What can prevent $T_\lambda$ from being invertible? Recall that we are working in Banach space $X$ so invertibility is equivalent to bijectivity. Thus we need to study reasons why operator $T_\lambda$ can't be bijective. We can distinguish two cases:

  • the operator $T_\lambda$ is not injective

  • operator $T_\lambda$ is injective but not surjective

Now we discuss these cases.

1) The first one is the most common. In this case $\mathrm{Ker}(T_\lambda)$ is non-trivial so $T_\lambda$ is not invertible, and we say that $\lambda$ is in the point spectrum. If $X$ is finite dimensional this is the only possible case for operator not to be bijective. The reason is that an injective operator on a finite dimensional space is automatically surjective. But in case $X$ is infinite dimensional there are examples of injective but not surjective operators!

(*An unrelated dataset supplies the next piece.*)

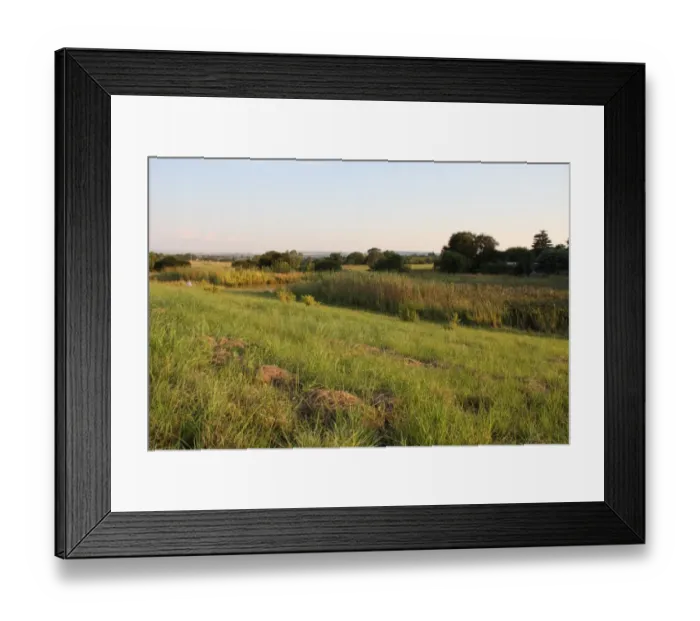 Framed Print : Barn Swallow (Hirundo rustica) winter roost site in reedbed habitat, Newcastle, KwaZulu-Natal, South Africa Framed Print : Barn Swallow (Hirundo rustica) winter roost site in reedbed habitat, Newcastle, KwaZulu-Natal, South Africa
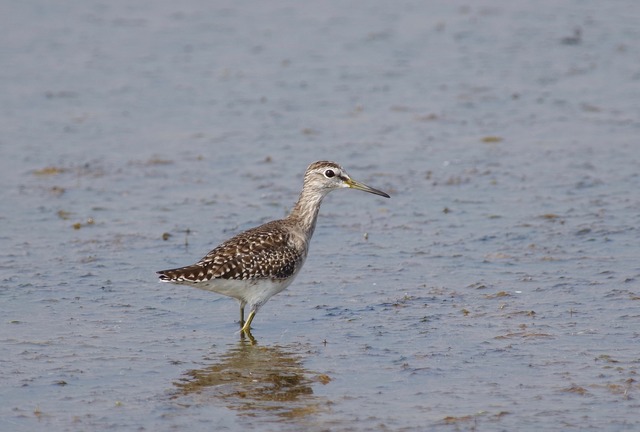 Wood Sandpiper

2) In the second case we have injective but not surjective operators. This means that the image of the operator $\mathrm{Im}(T)$ (which is a linear subspace) is not the whole space $X$. If $X$ is finite dimensional it is impossible for the operator $T_\lambda$ to be injective but not surjective, so this is not the case. If $X$ is infinite dimensional there two possibilities for the subspace $\mathrm{Im}(T_\lambda)$ not to be the whole $X$. Here we have two cases:

2.1) $\overline{\mathrm{Im}(T_\lambda)}=X$, speaking informally $T_\lambda$ is "almost surjective". In this case we say that $\lambda$ is in continuous spectrum.

2.2) $\overline{\mathrm{Im}(T_\lambda)}\neq X$, speaking informally $T_\lambda$ is "essentially non-surjective", even the closure of its image is a proper subspace of $X$! In this case we say that $\lambda$ is in the residual spectrum.

There are other classifications of points of the spectrum, but this one is the most common.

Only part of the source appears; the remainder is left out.